Anybody Can Write a Poem: An Open Letter 💗

10:48 PM

Dear Writer,

Keep going.

Toni Morrison once said, "I wrote my first novel because I wanted to read it." So simple. Yet so deep. She wrote what she wanted to read, but maybe didn't see on bookshelves. And by doing so, she wrote the story of many Black women. She added beautifully to the tapestry that is womanhood and Blackness and social justice and literature. But her starting point was simple - writing what she wanted to read.

I have so many friends who reach out to me to share their words, their poetry. And every. single. piece. has been deeply beautiful. From poems with 3 lines to poems of 3 pages. From mythological metaphors to thoughts while taking out the garbage on a warm summer day. From poems about lovers to poems about loss. Every time I'm honored to read another person's work, their heart on paper, I make sure to tell them how much their words matter. How deep their thoughts are. How there's beauty in vulnerability. There is no wrong way to write a poem. Period.
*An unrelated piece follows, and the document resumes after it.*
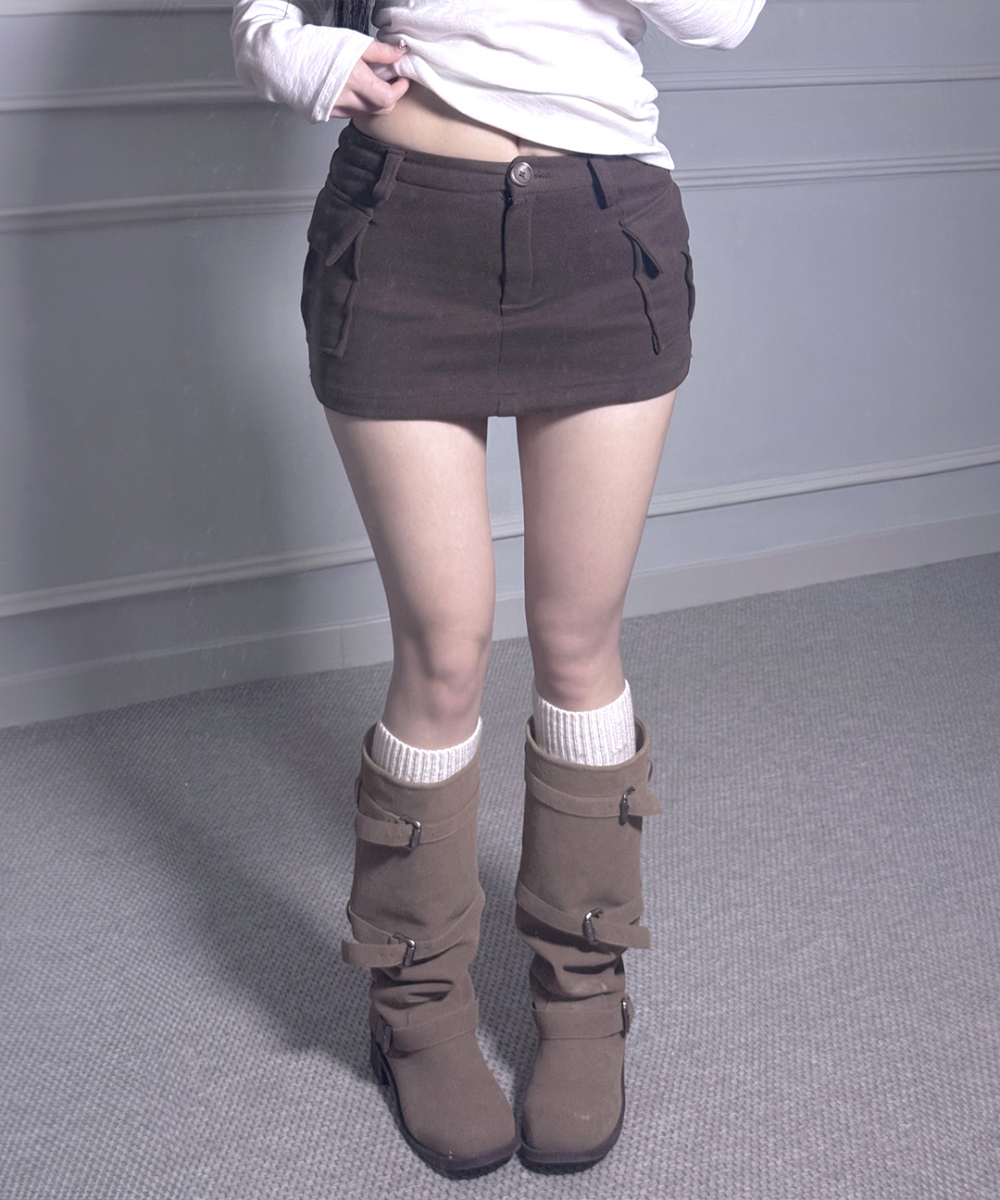 Wool Blend Cargo Mini Skort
And yet, there is a world, a system that we live in that values certain types of intellect or writing over others. I've experienced that system from adolescence to graduate shcool. Comparison traps us under the weight of fear. The fear that our words, as they come out, are not good enough. We tell ourselves, "If I can't write like [insert your favorite famous poet here], or I can't turn an allegory into something that has 'depth' then I'm not a poet." Or "I'm not a writer." Which is wild to me, because I would argue that your favorite poet would probably insist that, "Anybody can write a poem." Anybody. And that poem would be beautiful and have meaning and depth, simply because you wrote it.

I have had my fair share of rejections from magazines. It is part of a writer's journey to publication. Some editors have sent examples of the type of poetry they prefer to read. And their preference is their's to have, to be sure. We don't all have to like the same things. But, those poems that they share with me as the "goal post" of poetry are often ones that are not my goal post. I prefer accessible poetry and writing, as many people do.

Let me be clear that my preference for accessible writing and poetry in no way means that poets who employ other methods from the vast library of literary devices don't deserve a place at the publication table. They absolutely do. Because, again, "Anybody can write a poem."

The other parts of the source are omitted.